From Data Pipes to AI Intelligence: The Evolution of Splunk-AWS Integrations
Artificial Intelligence Sahil Gupta , Greg Ainslie-MalikKey takeaways
- Splunk and AWS have evolved from basic data collection to fully integrated, AI-powered operations that bring advanced analytics into everyday workflows.
- New capabilities in Splunk’s AI Toolkit allow teams to use powerful AWS AI models directly and get faster, more relevant insights with real-world context.
- This integration helps organizations work more efficiently by speeding up analysis, reducing response times, and scaling AI without added complexity.
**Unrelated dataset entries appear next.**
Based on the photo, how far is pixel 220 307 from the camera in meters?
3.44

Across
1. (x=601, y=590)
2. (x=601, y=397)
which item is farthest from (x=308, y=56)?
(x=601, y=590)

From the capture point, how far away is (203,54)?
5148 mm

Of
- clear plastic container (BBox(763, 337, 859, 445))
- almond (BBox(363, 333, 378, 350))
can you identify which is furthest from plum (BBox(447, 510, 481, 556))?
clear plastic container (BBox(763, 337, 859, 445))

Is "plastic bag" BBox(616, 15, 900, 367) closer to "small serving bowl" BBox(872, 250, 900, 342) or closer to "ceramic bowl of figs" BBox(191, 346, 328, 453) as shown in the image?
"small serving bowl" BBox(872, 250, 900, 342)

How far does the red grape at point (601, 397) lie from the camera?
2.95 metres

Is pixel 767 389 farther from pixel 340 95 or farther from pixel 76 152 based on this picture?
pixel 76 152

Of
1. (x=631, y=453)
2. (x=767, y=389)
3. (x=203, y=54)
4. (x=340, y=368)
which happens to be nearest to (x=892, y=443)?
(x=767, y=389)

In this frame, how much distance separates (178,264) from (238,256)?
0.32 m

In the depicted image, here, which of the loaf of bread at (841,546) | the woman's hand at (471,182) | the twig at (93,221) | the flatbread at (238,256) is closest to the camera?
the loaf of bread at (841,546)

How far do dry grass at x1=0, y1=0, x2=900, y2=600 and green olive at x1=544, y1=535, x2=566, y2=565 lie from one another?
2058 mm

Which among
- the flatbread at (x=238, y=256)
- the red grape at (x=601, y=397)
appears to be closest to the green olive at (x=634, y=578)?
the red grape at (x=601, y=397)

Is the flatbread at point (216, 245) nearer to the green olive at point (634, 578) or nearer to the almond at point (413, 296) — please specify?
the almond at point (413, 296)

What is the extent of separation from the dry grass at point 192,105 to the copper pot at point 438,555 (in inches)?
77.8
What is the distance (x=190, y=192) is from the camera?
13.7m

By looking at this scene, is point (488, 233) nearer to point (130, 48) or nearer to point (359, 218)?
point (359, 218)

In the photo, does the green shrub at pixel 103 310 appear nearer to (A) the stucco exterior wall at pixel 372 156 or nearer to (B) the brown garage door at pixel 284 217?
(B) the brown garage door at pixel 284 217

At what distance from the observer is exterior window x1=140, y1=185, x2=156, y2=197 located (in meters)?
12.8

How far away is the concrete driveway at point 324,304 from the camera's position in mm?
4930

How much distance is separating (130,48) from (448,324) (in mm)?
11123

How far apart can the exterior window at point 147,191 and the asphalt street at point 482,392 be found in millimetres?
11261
This blog was developed with contributions from Alan Peaty at Amazon Web Services.
I'm a Splunk specialist working daily with observability and security platforms, often bridging AWS cloud infrastructure with enterprise analytics. Splunk's AI Toolkit 5.6.4 introduced direct Amazon SageMaker inference and Amazon Bedrock Knowledge Base Retrieval-Augmented Generation (RAG) integration—capabilities that cap a decade-long evolution from basic log ingestion to AI-native operations. This blog traces that journey, highlights the breakthroughs, and shares practical implementation insights for teams like mine.
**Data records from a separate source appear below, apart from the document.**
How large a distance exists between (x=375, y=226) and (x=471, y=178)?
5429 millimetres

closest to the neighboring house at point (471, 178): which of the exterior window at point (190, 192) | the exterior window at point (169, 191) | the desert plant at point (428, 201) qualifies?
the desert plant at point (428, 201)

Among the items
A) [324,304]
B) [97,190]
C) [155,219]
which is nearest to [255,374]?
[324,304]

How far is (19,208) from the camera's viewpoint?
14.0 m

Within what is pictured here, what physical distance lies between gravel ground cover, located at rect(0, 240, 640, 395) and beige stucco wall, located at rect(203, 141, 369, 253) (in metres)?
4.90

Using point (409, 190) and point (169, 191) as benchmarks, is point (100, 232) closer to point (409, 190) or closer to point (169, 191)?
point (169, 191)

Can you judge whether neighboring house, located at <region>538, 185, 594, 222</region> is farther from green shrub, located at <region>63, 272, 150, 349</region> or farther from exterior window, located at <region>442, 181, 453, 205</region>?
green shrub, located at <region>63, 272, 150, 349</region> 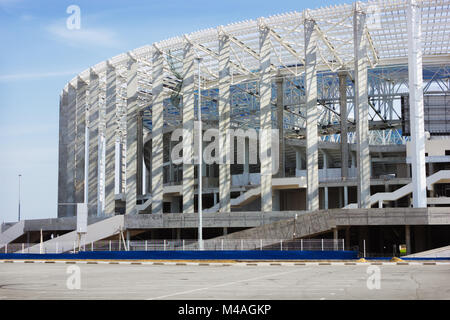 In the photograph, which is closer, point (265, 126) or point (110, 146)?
point (265, 126)

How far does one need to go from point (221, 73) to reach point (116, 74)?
754 inches

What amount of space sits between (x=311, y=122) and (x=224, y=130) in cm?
1109

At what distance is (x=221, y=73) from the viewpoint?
6544cm

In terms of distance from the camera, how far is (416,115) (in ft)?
169

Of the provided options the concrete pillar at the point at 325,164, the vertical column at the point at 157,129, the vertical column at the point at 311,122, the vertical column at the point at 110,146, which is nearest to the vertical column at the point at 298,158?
the concrete pillar at the point at 325,164

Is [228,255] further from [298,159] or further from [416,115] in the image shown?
[298,159]

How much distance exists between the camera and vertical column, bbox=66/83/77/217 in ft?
294

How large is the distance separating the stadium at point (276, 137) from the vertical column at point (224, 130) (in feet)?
0.52

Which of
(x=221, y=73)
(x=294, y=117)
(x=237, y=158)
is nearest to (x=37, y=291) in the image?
(x=221, y=73)

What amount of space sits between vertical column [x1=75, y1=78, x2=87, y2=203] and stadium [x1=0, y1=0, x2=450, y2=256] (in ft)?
0.71

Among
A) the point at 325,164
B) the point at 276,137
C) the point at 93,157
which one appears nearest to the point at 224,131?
the point at 276,137

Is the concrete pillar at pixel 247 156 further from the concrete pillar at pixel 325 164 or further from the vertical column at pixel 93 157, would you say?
the vertical column at pixel 93 157

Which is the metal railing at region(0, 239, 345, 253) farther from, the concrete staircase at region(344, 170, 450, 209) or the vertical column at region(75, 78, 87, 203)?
the vertical column at region(75, 78, 87, 203)

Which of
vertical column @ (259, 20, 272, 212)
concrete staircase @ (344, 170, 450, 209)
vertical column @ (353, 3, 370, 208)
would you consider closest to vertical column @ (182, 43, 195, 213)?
vertical column @ (259, 20, 272, 212) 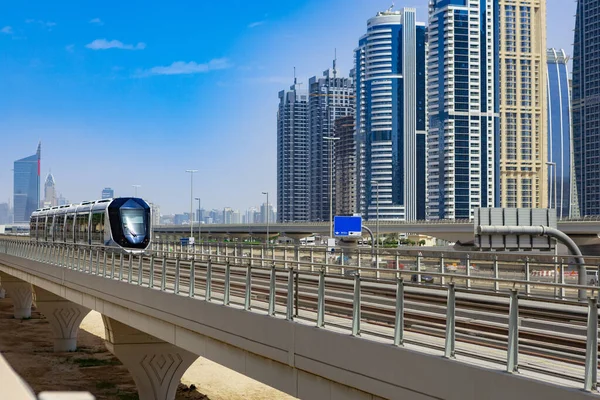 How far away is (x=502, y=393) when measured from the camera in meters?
8.17

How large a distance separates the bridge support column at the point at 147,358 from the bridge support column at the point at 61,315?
18617mm

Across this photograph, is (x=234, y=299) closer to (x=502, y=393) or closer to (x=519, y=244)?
(x=502, y=393)

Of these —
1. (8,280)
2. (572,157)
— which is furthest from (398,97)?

Splunk-AWS Integration Evolution Timeline
The Foundation: Data Ingestion Era (2012–2020)
The Splunk-AWS partnership began in 2012 when Splunk joined the AWS Partner Network (APN). By 2013, Splunk Cloud launched natively on AWS infrastructure, establishing the foundation for hybrid cloud visibility. The Splunk Add-on for AWS enabled pull-based collection from AWS APIs. Push-based streaming capabilities were added via Amazon Data Firehose in December 2017 to Splunk's HTTP Event Collector (HEC). This created comprehensive Amazon CloudTrail audit logs, Amazon CloudWatch metrics, Amazon VPC Flow Logs, and AWS Config data ingestion—but kept machine learning siloed within Splunk's boundaries.
Key Limitation: No native ML interoperability. Data scientists built models in SageMaker but had no straightforward path to operationalize them in Splunk environments. Splunk handled analytics; AWS managed infrastructure. They remained separate domains.
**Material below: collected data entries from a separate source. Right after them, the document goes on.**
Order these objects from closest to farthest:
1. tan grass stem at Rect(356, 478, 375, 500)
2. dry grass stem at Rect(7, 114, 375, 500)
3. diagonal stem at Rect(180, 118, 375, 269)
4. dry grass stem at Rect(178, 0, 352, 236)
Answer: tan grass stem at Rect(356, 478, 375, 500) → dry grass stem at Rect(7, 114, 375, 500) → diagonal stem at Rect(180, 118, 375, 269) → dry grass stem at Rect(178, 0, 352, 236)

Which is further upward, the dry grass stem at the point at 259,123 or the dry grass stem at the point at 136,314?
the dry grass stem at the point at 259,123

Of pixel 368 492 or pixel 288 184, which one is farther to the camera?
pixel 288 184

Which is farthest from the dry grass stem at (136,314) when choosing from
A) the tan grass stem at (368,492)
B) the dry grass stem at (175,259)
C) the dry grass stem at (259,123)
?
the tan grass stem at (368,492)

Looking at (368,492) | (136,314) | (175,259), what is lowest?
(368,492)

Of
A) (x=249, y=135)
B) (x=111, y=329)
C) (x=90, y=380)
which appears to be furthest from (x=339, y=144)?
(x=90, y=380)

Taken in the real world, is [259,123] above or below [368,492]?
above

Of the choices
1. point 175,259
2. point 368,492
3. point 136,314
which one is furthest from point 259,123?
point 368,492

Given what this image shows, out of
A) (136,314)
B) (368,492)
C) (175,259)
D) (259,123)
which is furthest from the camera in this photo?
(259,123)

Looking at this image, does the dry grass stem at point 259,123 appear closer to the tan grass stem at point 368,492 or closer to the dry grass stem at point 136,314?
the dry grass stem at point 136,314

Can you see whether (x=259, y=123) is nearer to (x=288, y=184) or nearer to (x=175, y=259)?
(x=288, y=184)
ML Expansion: Bridging the Gap (2018–2025)
The Machine Learning Toolkit (MLTK) evolved significantly during this phase. Splunk introduced the MLPClassifier neural network algorithm in MLTK version 3.4.0, expanding the toolkit's deep learning capabilities. MLTK 4.x versions followed, introducing the Smart Forecasting Assistant and expanding algorithm support.
The critical breakthrough came in February 2023 with MLTK 5.4.0, which enabled upload and inference of externally-trained ONNX models—a standard open source ML model format supporting TensorFlow, PyTorch, Keras, and MATLAB. This meant data scientists could train models in SageMaker, export them as ONNX files, and manually upload them to Splunk for inference. While progress, the workflow remained cumbersome: opset compatibility issues, version management & manual model upload challenges, and inference execution still bottlenecked on Splunk search heads.
AWS integrations expanded in parallel: Amazon SageMaker Canvas launched November 2021 as a no-code ML development service. By 2024, AWS published best practices for using SageMaker Canvas with Splunk data to build and deploy models. Early Bedrock integration emerged before formal documentation, with MLTK 5.6.0 (May 2025) providing the first official Amazon Bedrock support for generative AI within SPL searches—enabling foundation model integration directly within SPL searches.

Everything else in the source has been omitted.